Évidemment les entreprises commencent à prendre les mesures espérées, c'est-à-dire, changer de port pour leurs opérations commerciales.
Après ce période d'agitation créée par la CGT, beaucoup de travailleurs iront définitivement au chômage où ils auront le temps de penser que souvent les actions syndicales n'apportent rien de plus que souffrance et pauvreté pour la classe des travailleurs.

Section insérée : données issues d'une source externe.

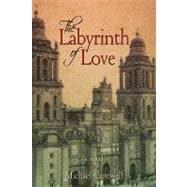 The Labyrinth of Love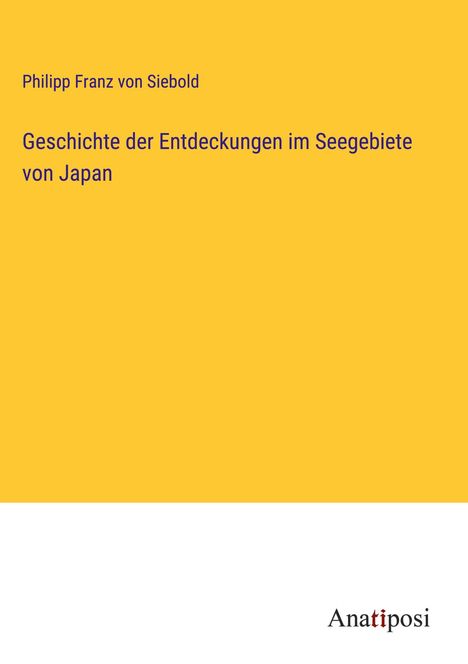 Philipp Franz Von Siebold: Geschichte der Entdeckungen im Seegebiete von Japan, Buch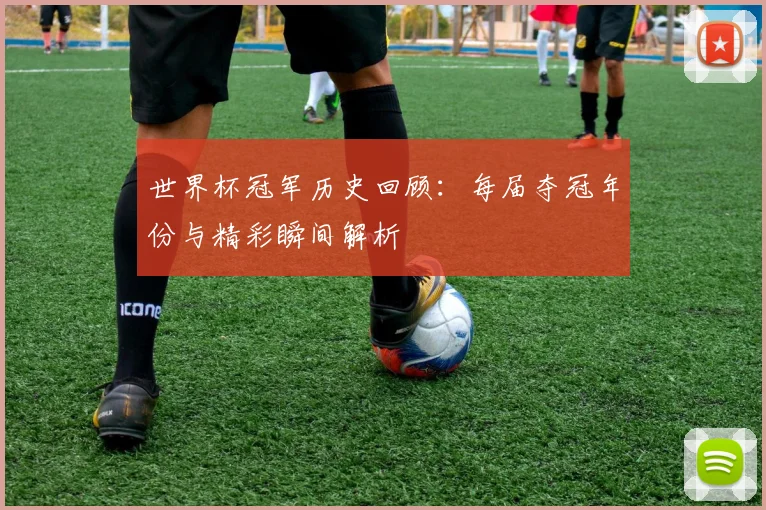世界杯冠军历史回顾:每届夺冠年份与精彩瞬间解析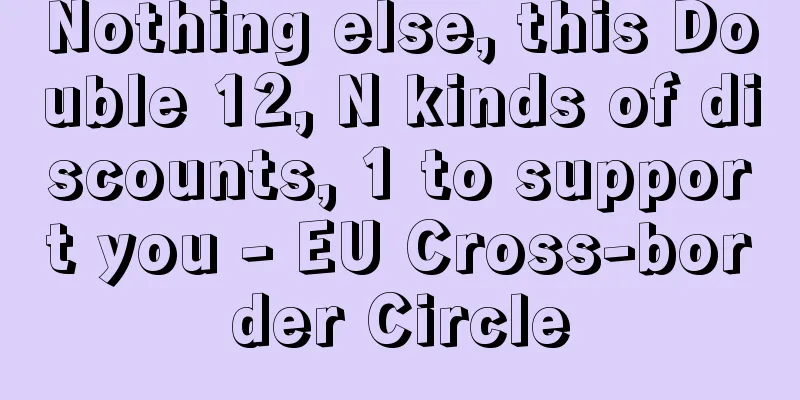 Nothing else, this Double 12, N kinds of discounts, 1 to support you - EU Cross-border Circle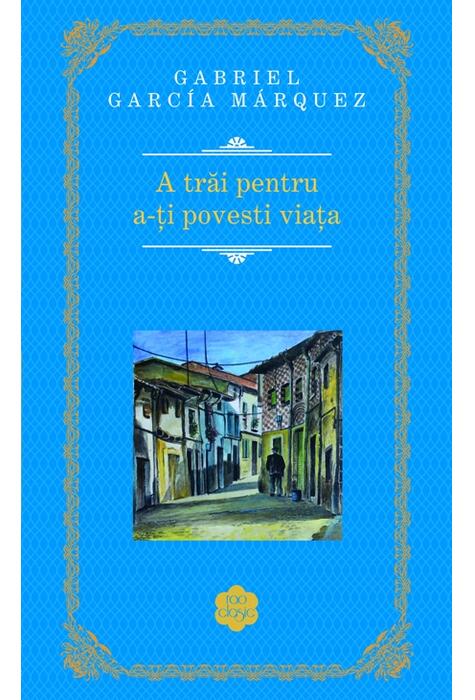 Copertă produs A trăi pentru a-ţi povesti viaţa
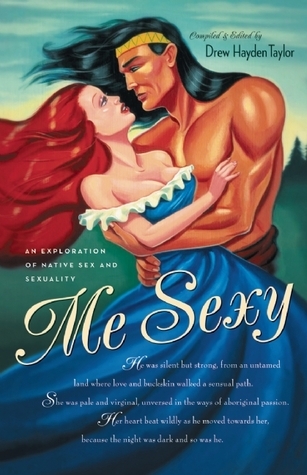 Me Sexy: An Exploration of Native Sex and Sexuality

5.Posté par Protis le 16/02/2011 09:22
Dos à dos ! Quitte à en défriser quelques uns, le marasme actuel MARSEILLAIS est structurel culturel et psychologique ! Non, l'activité portuaire n'est plus le moteur de l'activité économique de la VILLE ! Ce qui était vrai il y quarante ans quand il y avait DIX MILLE salariés dans la réparation navale ne l'est plus : les gros pôles d'emploi sont désormais LA MUNICIPALITE, le Conseil Général, le Conseil Régional, les HOPITAUX et les cliniques, le para public comme la CHAMBRE DE COMMERCE, les différentes directions régionales des ADMINISTRATIONS. Le numéro un privé et industriel est LA SNEF (8 000 salariés ) suivi de BOURBON (ou l'inverse ), après c'est le vide abyssal... Si le montant du panier de la ménagère est un des plus faible de FRANCE c'est qu'il y a des raisons, si la PIZZA qui est née à NAPLES à fait florès à MARSEILLE, c'est que le microcosme est identique ! La CGT certes à ses responsabilités, mais sur le thème portuaire il y a des octogénaires qui sont toujours aux manettes et qui se sont enkystés dans les confortables "Concession de l'outillage public " ...Entre amis "c'est une ville où les "fils de" et les "filles de" pullulent, que dis je, les fils, petits fils, voire les arrière petit fils de... MARSEILLE dirigée par des obèses et des cardiaques n'a rien à attendre de ses élites ou supposées telles, "caveant consules" ! Sinon c'est elle qui crèvera, que dis je, elle est à moitié morte ! PROTIS

6.Posté par DE LA SERRAZ le 16/02/2011 14:28
COMMENT SE FAIT-IL QUE MARSEILLE, LE PRÉFET, LE MAIRE, LA CHAMBRE DE COMMERCE ETC ETC ... LAISSENT FAIRE UNE POIGNÉE DE GRÉVISTES. VOILÀ OÙ MÈNE LE MANQUE DE COURAGE. SOUVENEZ VOUS DE LA DAME DE FER ET AUSSI DES MALOUINES. MAIS CECI, LA RÉPUBLIQUE EN EST BIEN INCAPABLE !

7.Posté par mercier le 19/02/2011 18:50
On peut en effet se poser la question, comment se fait-il que dans notre pays, on laisse une bande de syndicalistes foutre en l’air tout un pan de l’économie pour des raisons fallacieuses et inacceptable... Pour commencer, pouvons nous encore accepter des grèves comme celles-ci ? Voilà la bonne question, alors doit-on remettre en question le droit de grève ? Moi personnellement je dis oui.
Cette mafia du port, je devrais dire des ports, à suffisamment fait de mal. Mais où sont les autorités ??? Absentes comme d’habitude.